Monday, June 19, 2006

Nux version 1.6 released

Another release, and this one very important, is that of Nux XML processing toolkit: version 1.6 was just released. For those not familiar with Nux, it is a collection of useful helper functionality and extensions that make XML processing (and some related content management things like search indexing) more convenient, powerful or easier, or oftentimes, "all of above". Some notable features are:

  • Extended XQuery/XPath support (with Saxon)
  • XOM extensions, including efficient builders and serializers
  • VERY fast Binary XML implementation, BNux (about 2x as fast as Sun's Fast Infoset -- and thereby almost 3x as fast as Woodstox); possibly the fastest way to transform XML Infoset content in Java.
  • Full-text search extensions based on Lucene; especially for cases where individual documents can be stored fully in memory, but need to be searched using powerful search queries.
  • Extensive performance test suite that allows for comparing various XML processor (parsing, serialization) implementations; from binary variants to traditional text-based ones (DOM, SAX, StAX).
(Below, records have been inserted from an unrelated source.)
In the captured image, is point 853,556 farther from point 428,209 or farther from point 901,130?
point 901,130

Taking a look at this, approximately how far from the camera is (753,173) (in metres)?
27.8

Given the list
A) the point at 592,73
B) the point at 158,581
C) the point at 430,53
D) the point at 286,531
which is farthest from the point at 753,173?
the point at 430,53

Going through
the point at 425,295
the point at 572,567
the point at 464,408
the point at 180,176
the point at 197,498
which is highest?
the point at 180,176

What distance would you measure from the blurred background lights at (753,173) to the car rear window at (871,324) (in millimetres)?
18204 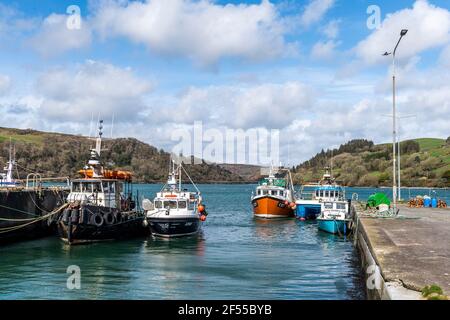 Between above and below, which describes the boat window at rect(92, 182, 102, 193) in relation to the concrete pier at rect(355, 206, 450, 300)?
above

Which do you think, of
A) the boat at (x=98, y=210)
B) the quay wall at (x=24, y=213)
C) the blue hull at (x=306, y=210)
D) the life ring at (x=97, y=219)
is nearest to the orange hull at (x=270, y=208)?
the blue hull at (x=306, y=210)

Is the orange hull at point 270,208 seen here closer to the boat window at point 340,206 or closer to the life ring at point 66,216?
the boat window at point 340,206

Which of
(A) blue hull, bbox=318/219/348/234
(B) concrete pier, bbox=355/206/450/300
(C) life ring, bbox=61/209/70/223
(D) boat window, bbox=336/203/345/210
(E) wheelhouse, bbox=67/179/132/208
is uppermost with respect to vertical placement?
(E) wheelhouse, bbox=67/179/132/208

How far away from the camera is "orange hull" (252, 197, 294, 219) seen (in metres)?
63.1

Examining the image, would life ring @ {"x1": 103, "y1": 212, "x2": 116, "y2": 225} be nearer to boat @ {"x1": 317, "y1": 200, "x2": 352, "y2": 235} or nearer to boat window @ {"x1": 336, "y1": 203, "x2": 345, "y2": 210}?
boat @ {"x1": 317, "y1": 200, "x2": 352, "y2": 235}

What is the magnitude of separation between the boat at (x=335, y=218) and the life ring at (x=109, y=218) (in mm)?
18625

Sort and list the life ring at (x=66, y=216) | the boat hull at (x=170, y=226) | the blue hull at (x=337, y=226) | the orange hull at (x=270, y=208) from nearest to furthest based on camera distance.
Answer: the life ring at (x=66, y=216) < the boat hull at (x=170, y=226) < the blue hull at (x=337, y=226) < the orange hull at (x=270, y=208)

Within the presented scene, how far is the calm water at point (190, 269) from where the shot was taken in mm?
22344

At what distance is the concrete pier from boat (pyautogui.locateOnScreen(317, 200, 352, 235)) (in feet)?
39.6

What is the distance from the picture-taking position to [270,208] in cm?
6306

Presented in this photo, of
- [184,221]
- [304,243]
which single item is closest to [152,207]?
[184,221]

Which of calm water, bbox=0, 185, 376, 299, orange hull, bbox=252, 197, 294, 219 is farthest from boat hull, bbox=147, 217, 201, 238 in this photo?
orange hull, bbox=252, 197, 294, 219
Personally I am very impressed by the binary infoset implementation, as well as the overall quality of the package. It is one of those packages I wish more developers were aware of.
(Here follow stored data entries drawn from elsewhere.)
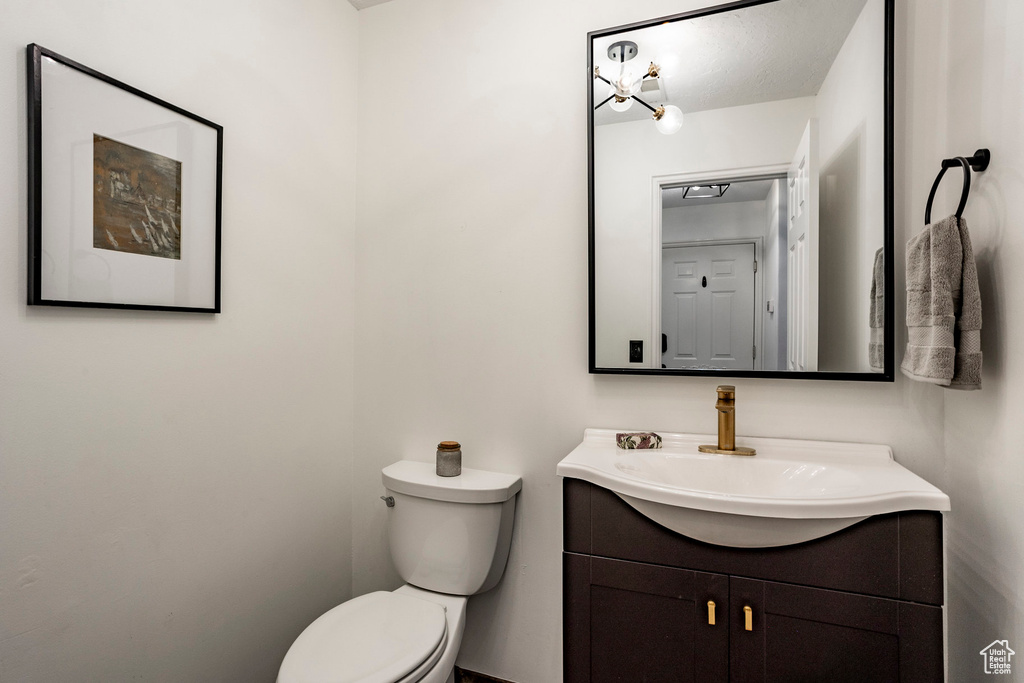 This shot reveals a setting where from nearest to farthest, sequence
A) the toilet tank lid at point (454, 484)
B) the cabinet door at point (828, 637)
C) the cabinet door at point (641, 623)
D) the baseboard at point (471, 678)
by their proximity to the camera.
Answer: the cabinet door at point (828, 637) → the cabinet door at point (641, 623) → the toilet tank lid at point (454, 484) → the baseboard at point (471, 678)

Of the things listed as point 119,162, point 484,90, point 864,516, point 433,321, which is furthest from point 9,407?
point 864,516

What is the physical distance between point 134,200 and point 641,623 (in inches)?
58.5

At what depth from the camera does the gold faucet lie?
1.33 metres

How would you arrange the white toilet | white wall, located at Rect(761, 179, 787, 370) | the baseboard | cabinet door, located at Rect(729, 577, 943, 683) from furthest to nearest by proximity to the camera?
the baseboard, white wall, located at Rect(761, 179, 787, 370), the white toilet, cabinet door, located at Rect(729, 577, 943, 683)

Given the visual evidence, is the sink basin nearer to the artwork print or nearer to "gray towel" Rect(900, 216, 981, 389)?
"gray towel" Rect(900, 216, 981, 389)

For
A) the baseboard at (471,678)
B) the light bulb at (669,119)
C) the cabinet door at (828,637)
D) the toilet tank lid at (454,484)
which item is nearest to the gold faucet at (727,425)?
the cabinet door at (828,637)

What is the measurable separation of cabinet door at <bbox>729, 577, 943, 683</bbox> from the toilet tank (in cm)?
71

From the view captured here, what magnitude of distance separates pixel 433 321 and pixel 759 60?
4.07ft

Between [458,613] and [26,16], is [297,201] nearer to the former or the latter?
[26,16]

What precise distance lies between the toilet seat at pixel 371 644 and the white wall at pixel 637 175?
0.88 m

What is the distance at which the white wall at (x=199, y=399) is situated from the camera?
1.00 metres

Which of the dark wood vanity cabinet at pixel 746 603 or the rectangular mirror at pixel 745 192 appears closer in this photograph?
the dark wood vanity cabinet at pixel 746 603

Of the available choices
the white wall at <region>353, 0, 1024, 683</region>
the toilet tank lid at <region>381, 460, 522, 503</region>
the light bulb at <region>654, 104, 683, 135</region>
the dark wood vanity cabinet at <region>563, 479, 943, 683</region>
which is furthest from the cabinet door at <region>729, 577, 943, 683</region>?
the light bulb at <region>654, 104, 683, 135</region>

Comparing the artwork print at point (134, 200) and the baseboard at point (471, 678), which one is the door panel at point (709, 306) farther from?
the artwork print at point (134, 200)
Stax Reference Implementation version 1.2 release

This may not be a big news, but since many newcomers to Stax-based XML processing start with the reference implementation, the release of the 1.2 version final is still important. There has been lots of fixes to the most immediate and severe problems, and now the reference implementation finally passes most of StaxTest unit tests.

There are still some things missing from the RI (such as coalescing mode, NamespaceContext for Event objects), but at least now it should be possible to try out simple example documents without hitting obvious problems with character entities and such. Also, handling of namespace URIs is more consistent now: null will now always be returned for prefixes that are not bound (and for the default namespace if no explicit binding is present).

Thursday, June 15, 2006

New features of upcoming release 3.0 of Woodstox

Although the final 3.0 release of Woodstox has not yet been done, the API and feature set are now frozen, after the release of the first release candidate. Because of this, now is the perfect time to have a look at what the 3.0 release will bring, compared to the trusty old 2.0.x version.
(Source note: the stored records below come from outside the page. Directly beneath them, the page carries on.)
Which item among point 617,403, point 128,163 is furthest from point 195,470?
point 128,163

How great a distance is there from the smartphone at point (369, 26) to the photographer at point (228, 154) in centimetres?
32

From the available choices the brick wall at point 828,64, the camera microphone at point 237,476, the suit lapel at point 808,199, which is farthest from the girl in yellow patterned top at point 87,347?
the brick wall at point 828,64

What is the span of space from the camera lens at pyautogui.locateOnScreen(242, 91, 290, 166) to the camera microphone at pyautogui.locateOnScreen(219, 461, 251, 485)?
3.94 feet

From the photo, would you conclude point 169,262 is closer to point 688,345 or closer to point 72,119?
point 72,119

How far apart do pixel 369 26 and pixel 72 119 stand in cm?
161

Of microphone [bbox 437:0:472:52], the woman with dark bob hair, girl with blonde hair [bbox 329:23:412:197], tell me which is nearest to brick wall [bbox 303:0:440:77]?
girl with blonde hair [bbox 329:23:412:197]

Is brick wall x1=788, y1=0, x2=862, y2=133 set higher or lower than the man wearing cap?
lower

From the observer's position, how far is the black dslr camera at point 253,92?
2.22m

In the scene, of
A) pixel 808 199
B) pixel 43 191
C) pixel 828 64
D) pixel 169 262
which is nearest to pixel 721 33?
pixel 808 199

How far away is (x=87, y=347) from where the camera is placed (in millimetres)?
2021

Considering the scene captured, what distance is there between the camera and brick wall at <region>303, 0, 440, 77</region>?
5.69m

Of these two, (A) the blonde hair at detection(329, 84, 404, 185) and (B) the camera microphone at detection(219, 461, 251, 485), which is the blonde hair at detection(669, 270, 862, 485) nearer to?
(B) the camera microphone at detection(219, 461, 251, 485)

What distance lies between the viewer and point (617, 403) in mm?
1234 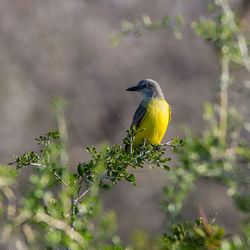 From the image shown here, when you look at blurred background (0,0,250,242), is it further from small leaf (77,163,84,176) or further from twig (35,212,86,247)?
twig (35,212,86,247)

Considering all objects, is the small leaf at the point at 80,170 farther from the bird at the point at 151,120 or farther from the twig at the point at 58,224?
the bird at the point at 151,120

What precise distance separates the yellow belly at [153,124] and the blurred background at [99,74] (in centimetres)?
594

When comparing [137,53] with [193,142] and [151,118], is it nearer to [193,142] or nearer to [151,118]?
[151,118]

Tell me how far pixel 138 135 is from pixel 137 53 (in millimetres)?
8529

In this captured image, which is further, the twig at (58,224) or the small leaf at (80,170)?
the small leaf at (80,170)

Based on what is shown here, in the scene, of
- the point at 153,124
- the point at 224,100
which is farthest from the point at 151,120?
the point at 224,100

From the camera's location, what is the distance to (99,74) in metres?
13.7

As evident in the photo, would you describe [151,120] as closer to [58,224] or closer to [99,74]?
[58,224]

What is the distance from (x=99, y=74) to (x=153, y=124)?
8351 mm

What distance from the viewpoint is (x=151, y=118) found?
18.3ft

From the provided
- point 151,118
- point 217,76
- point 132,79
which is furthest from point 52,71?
point 217,76

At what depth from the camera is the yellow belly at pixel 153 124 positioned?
5492 mm

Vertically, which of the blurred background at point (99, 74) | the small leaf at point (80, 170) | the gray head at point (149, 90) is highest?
the blurred background at point (99, 74)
At high-level, main changes are:

  • Rewritten validation sub-system, along with a new validator implementation for Relax NG.
  • Significant performance improvements to both stream reader and writer; especially when processing small documents.
  • Further improvements to XML conformance, now XML 1.0 and 1.1 conformance is over 99% as measured by the industry standard XMLTest conformance suite (tested using SAXTest and SAX wrappers from stax-utils). Specifically conformance of DTD-handling is significantly improved.
  • Significantly improved test coverage, both regarding features tested and actual code coverage.
  • Improved interoperability; behavior unified with the Stax reference implementation (including changes to one or both, as dictated by accepted Stax specification interpretations); addition of DOMSource that allows creating of XMLStreamReader from DOM tree; and addition of UTF-32 encoding support.
  • Additional operating modes: parsing mode (tree [default], forest, fragment); ability to handle undeclared entities gracefully (in non-entity-expanding mode).
  • Convergence of writer and reader side functionality, by adding features to writers that were missing (optional line number reporting, xml warning handler, disabling of namespace handling), done in the context of Stax2 extended API.

For even more complete picture of many of the individual changes, you can check out the Jira bug-tracking system used by Woodstox project; there are almost 40 resolved entries for 3.0 release.

Of the changes mentioned above, the first one may be the most significant new feature. It also resulted in the complete rewrite of existing (DTD) validation system. The re-designed system is now:

  • Fully pluggable: org.codehaus.stax2.validation.XMLValidationSchemaFactory implementations can be included similar to the way basic Stax implementations of XMLInputFactory and XMLOutputFactory can be included and discovered dynamically. This can theoretically allow implementation of cross-implementation validators in future. 3.0 release includes the rewritten native DTD validator, as well as a Relax NG validator based on Sun's Multi-Schema Validator. There are also plans to include MSV-based W3C Schema Validator in near future
  • Bi-directional: same validators can be used both when parsing (with XMLStreamReader) and when serializing (with XMLStreamWriter).
  • Validators are chainable, so that a single XML event stream can be validated against multiple validation schemas.
  • Customizable error handling: fail-fast (exception on validation error), error-collecting, or a combination (collect up to 50 first errors).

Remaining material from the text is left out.